_WHAT YOU HAVE TO DO_:
Could you reproduce, from the records below, everything from the line with "Just to show" down to the line with "What's up everyone, it's", keeping both of those lines and changing nothing?

*** Opening of INFORMATION ***

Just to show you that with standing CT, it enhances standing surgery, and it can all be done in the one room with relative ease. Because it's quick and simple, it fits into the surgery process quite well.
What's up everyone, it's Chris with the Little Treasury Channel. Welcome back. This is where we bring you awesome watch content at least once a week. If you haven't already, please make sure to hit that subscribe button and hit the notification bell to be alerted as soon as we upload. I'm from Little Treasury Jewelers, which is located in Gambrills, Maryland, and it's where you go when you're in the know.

*** Close of INFORMATION ***
*** Opening of INFORMATION ***

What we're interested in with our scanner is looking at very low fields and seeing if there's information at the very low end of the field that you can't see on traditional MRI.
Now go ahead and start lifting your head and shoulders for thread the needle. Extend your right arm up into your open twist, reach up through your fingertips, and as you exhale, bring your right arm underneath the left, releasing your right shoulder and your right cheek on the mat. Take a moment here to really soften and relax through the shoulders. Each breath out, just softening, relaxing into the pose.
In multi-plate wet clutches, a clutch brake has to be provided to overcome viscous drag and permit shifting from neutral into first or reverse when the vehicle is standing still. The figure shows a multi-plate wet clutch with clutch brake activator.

*** Close of INFORMATION ***

_ANSWER FOR THIS EXERCISE_:
Just to show you that with standing CT, it enhances standing surgery, and it can all be done in the one room with relative ease. Because it's quick and simple, it fits into the surgery process quite well.
What's up everyone, it's Chris with the Little Treasury Channel. Welcome back. This is where we bring you awesome watch content at least once a week. If you haven't already, please make sure to hit that subscribe button and hit the notification bell to be alerted as soon as we upload. I'm from Little Treasury Jewelers, which is located in Gambrills, Maryland, and it's where you go when you're in the know.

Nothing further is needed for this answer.